Smurfe, I didnt know what a yeast kruasen is, but I just looked it up and saw a picture. That is exactly what the sludge looked like.

No, I didnt taste it. It looked pretty scary.

Do I need to add anything else at this point? Or do I just let it clear and then bottle it?

Thanks again.


----------



## grapeman (Mar 29, 2010)

Wait until you get a stable SG reading 3 days in a row below about .996. That means it is finished fermenting. Then you can add 1/4 teaspoon to a 5-6 gallon batch- you are a bit shy I suspect of a 3 gallon batch so half that or one quarter teaspoon full of k-meta. Then degas it some and (or degas before adding k-meta) let it sit to clear.
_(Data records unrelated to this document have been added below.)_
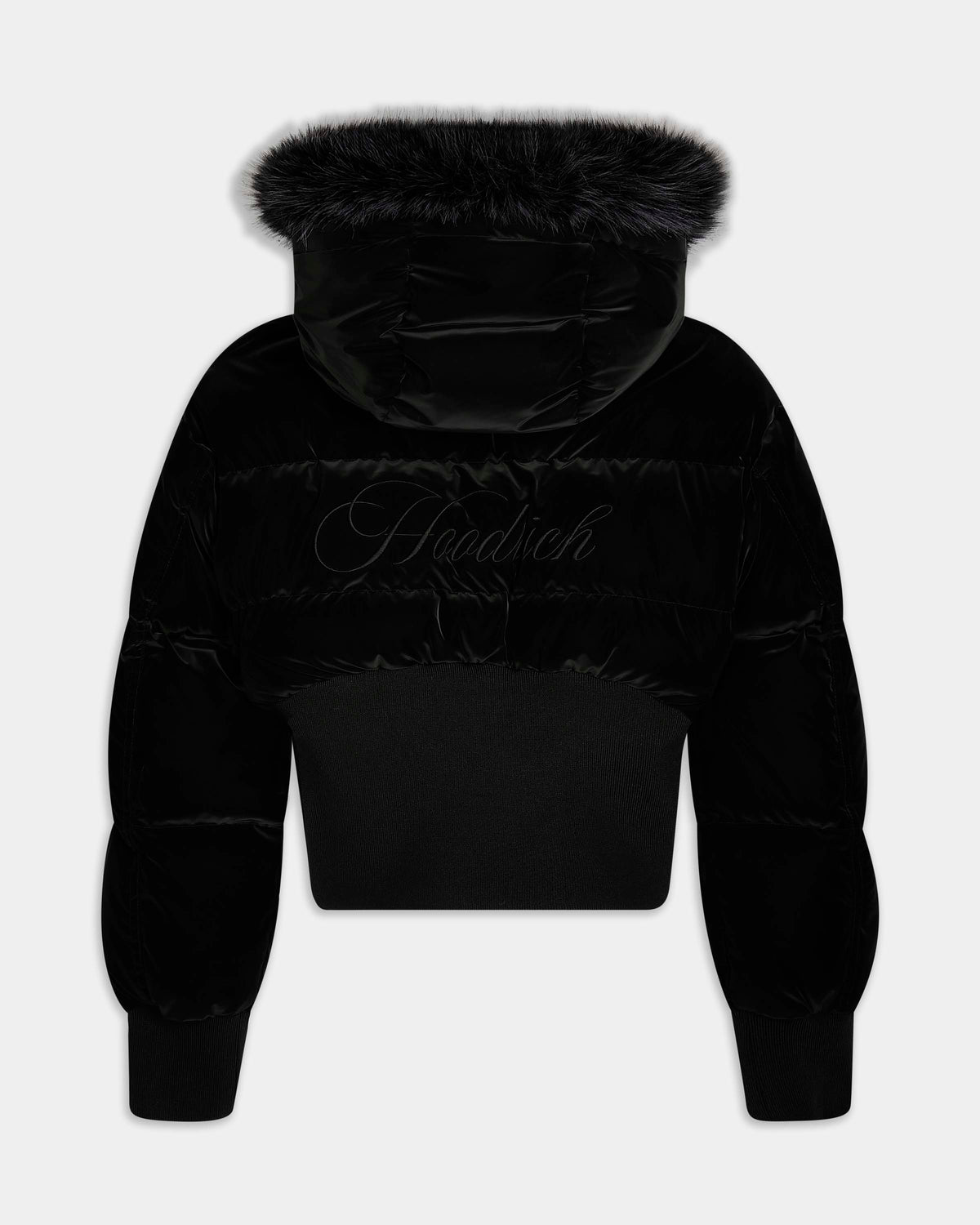 Harlow Jacket - Black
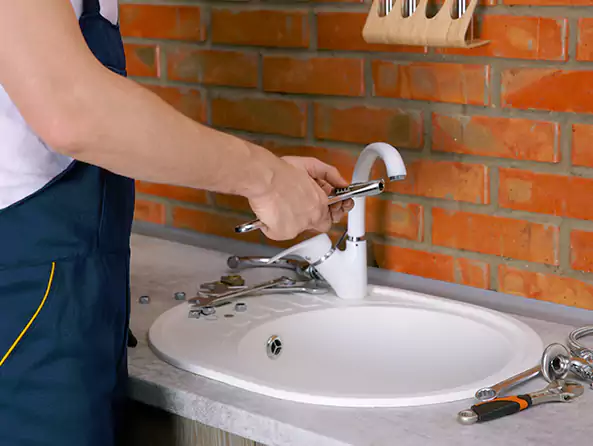 Why Choose Delaware Plumbing Pro for Sink Repair in Delaware, OH?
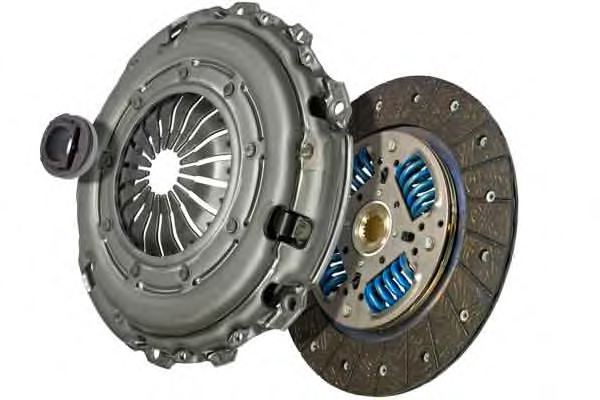 Clutch Kit (TQ-SK0084)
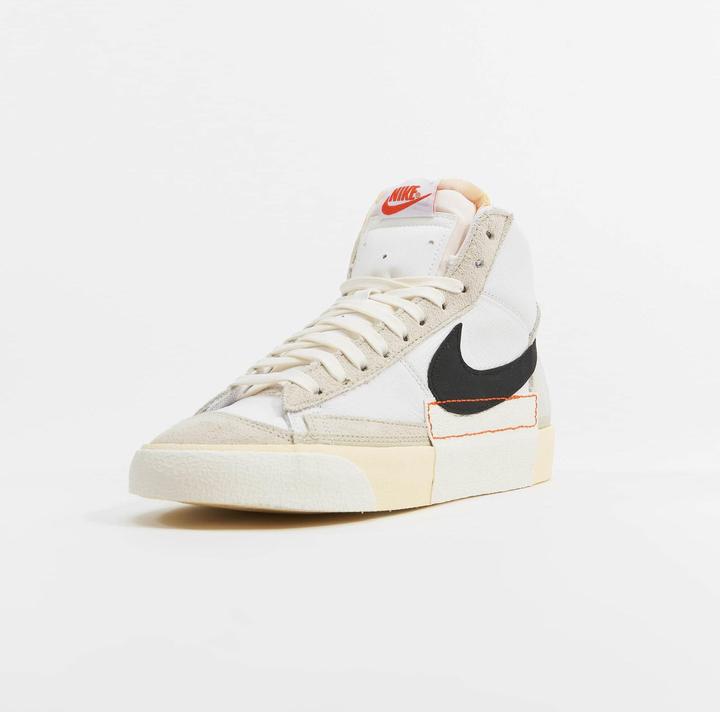 Image du produit Nike Blazer Mid '77 Vintage Chaussures - 88729 (38.5)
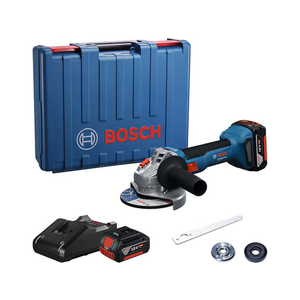 Bosch Akumulatorska ugaona brusilica GWS 18V-8 06019N9020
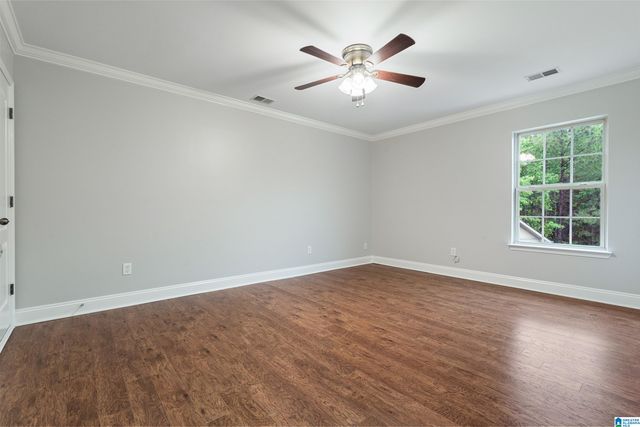 141 HILLCREST DRIVE, Montevallo, AL 35115
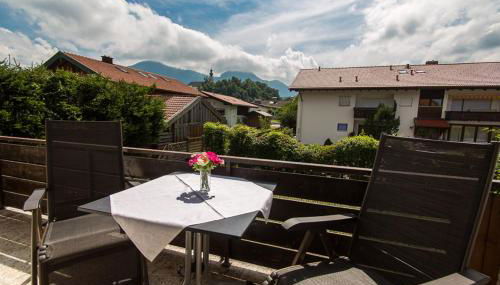 Ferienwohnung Plenk inkl. Chiemgaukarte - Foto 3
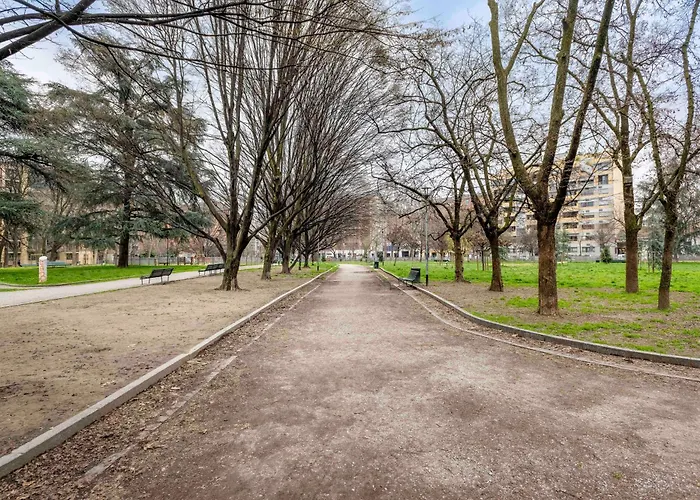 Luvi - Solari * Milano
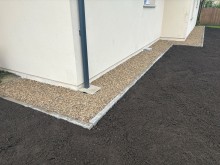 Notre zone d'activité pour ce service Fabrication d'allée carrossable pas chère proche de La Teste-de-Buch 33 en Gironde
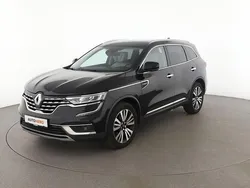 Schwarz Gebraucht 2022 Renault Koleos Initiale Paris SUV | 25.350 € (Fairer Preis)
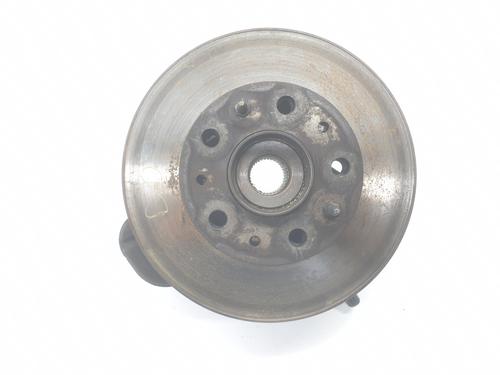 Used Right front steering knuckle CITROËN JUMPER II Van 2.2 HDi 120 (120 hp) 30681956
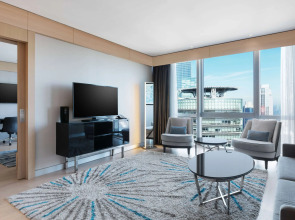 Wyndham Grand Levent Istanbul Hotel & Conference Center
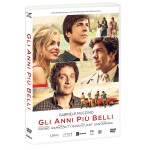 Anni Piu' Belli (Gli)  [Dvd Nuovo]   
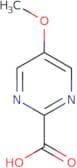 2-Pyrimidinecarboxylic Acid, 5-Methoxy-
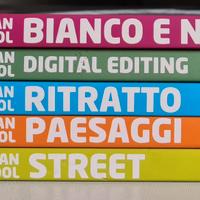 Photo scool - 5 volumi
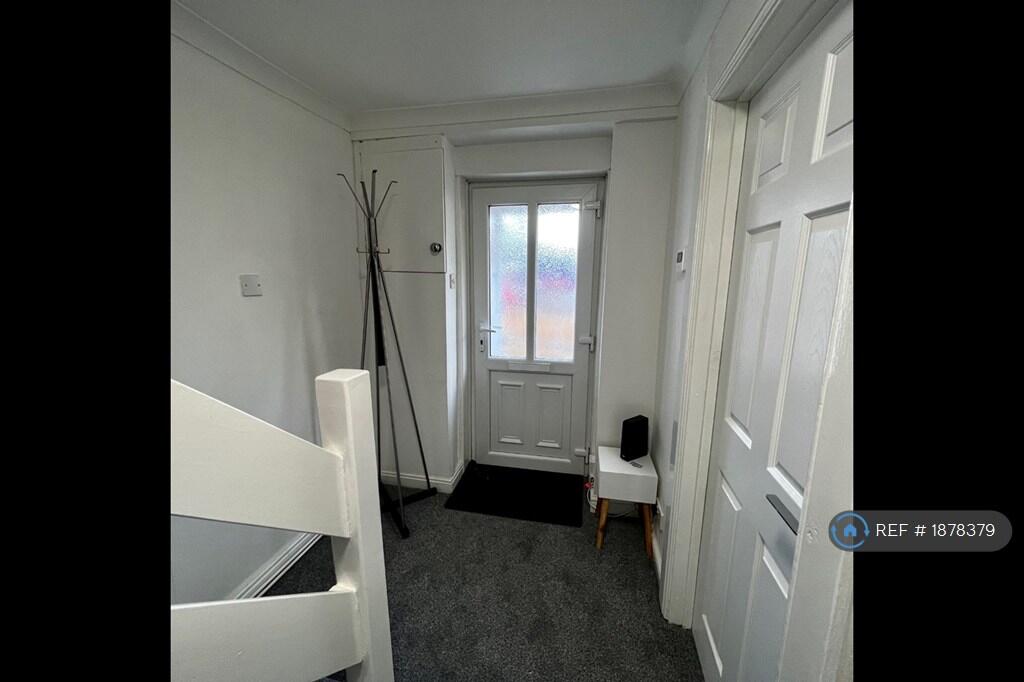 Hallway Photo 1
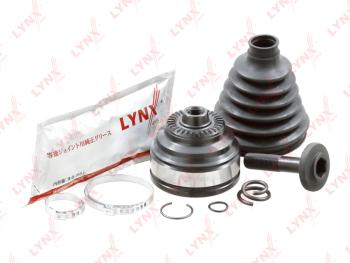 ШРУС наружный  перед правлев LYNX LYNX co1868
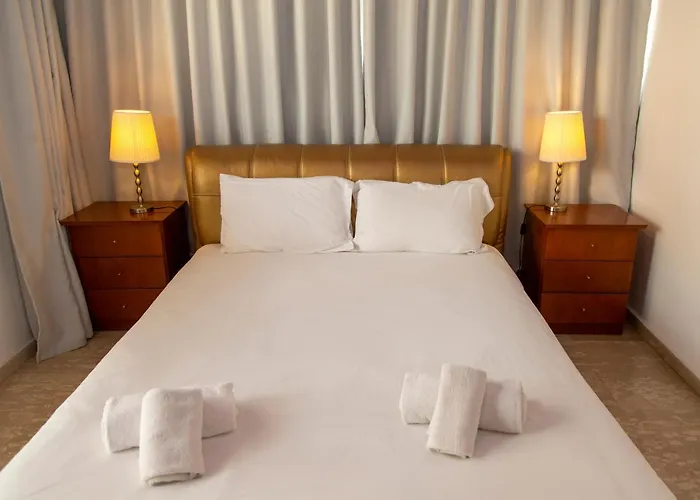 St Elena Boutique Hotell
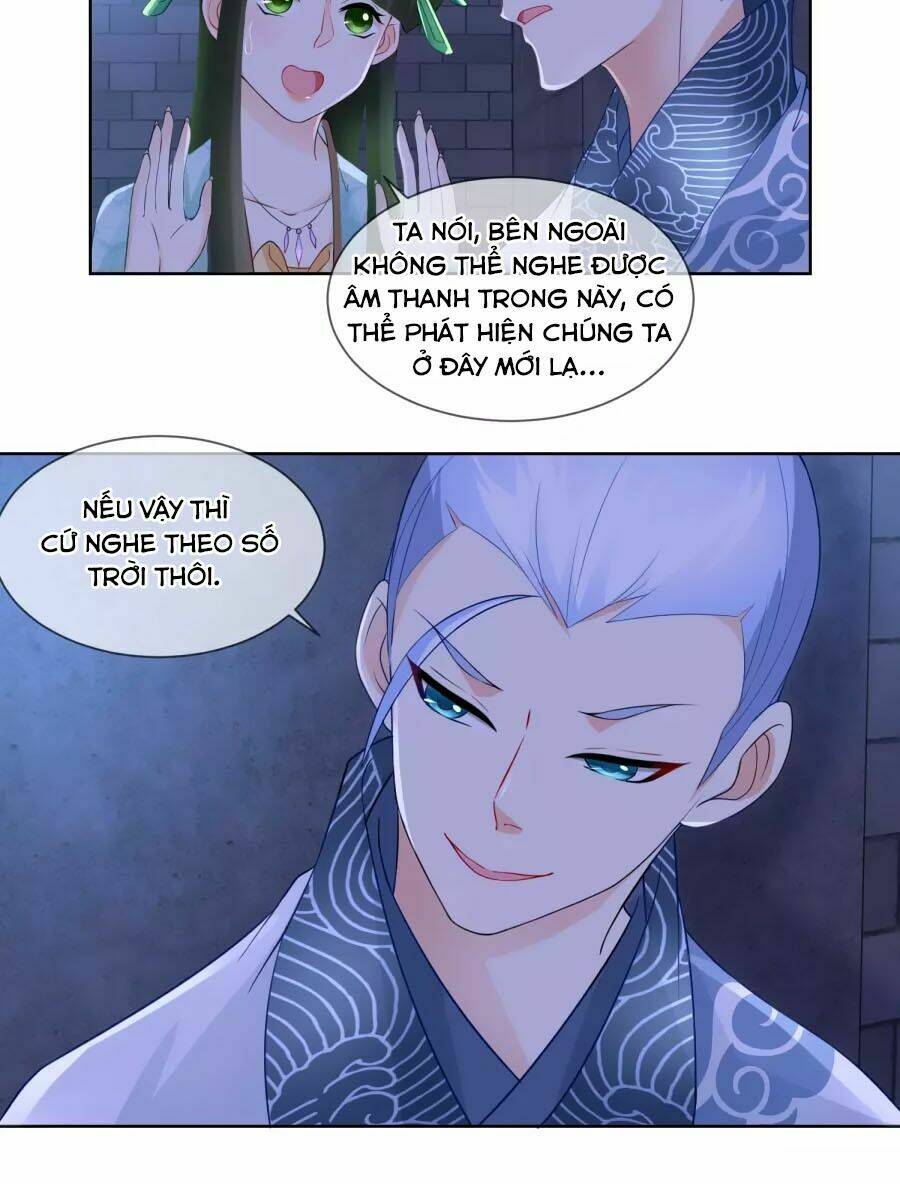 Trù Nương Hoàng Hậu: Chapter 23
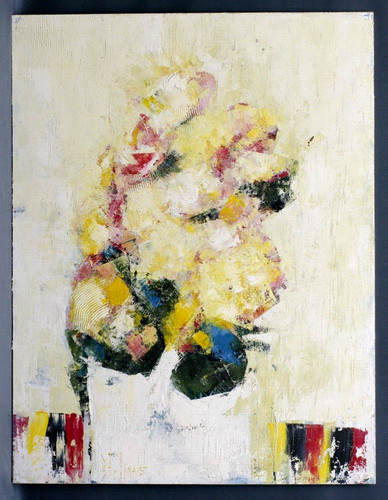 Tableau bernard folinais - bernard,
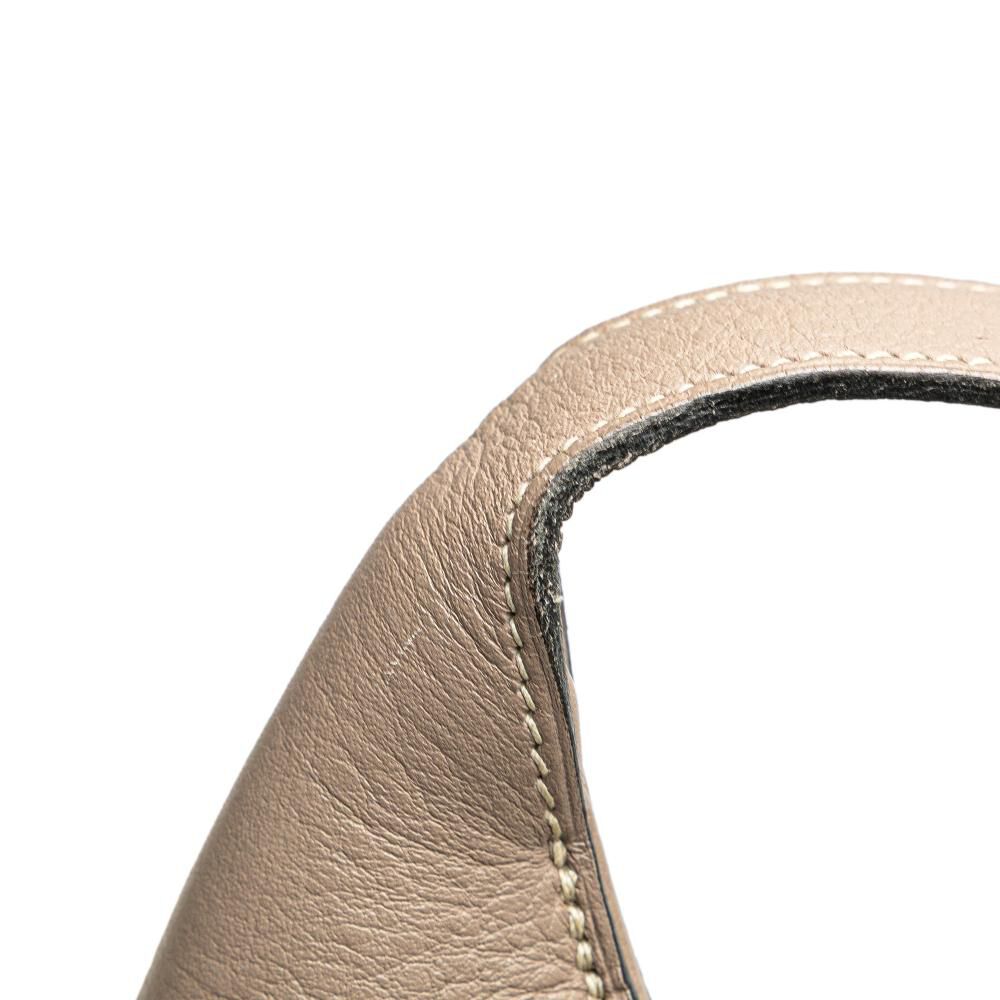 Herm&egrave;s Shoulder Bag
If it doesn't start to clear on its own after a few weeks, use a clarifier such as SuperKleer.


----------



## MaineGal (Mar 29, 2010)

Thank you Appleman! 
I think I've learned this time to always get a starting SG!


----------



## Wade E (Mar 29, 2010)

It might not get that low as we dont know what the beginning sg was and you could have exceeded the yeasts tolerance for alc. In otherwords, keep the temp up so that you dot get a stuck fermentation and when it looks like it has stopped fermenting then take the 3 day sg challenge, it my or may not get below the .996 that appleman has stated but that is the norm for most wines when you have used the proper starting sg and the proper yeast to let the wine ferment to dry.


----------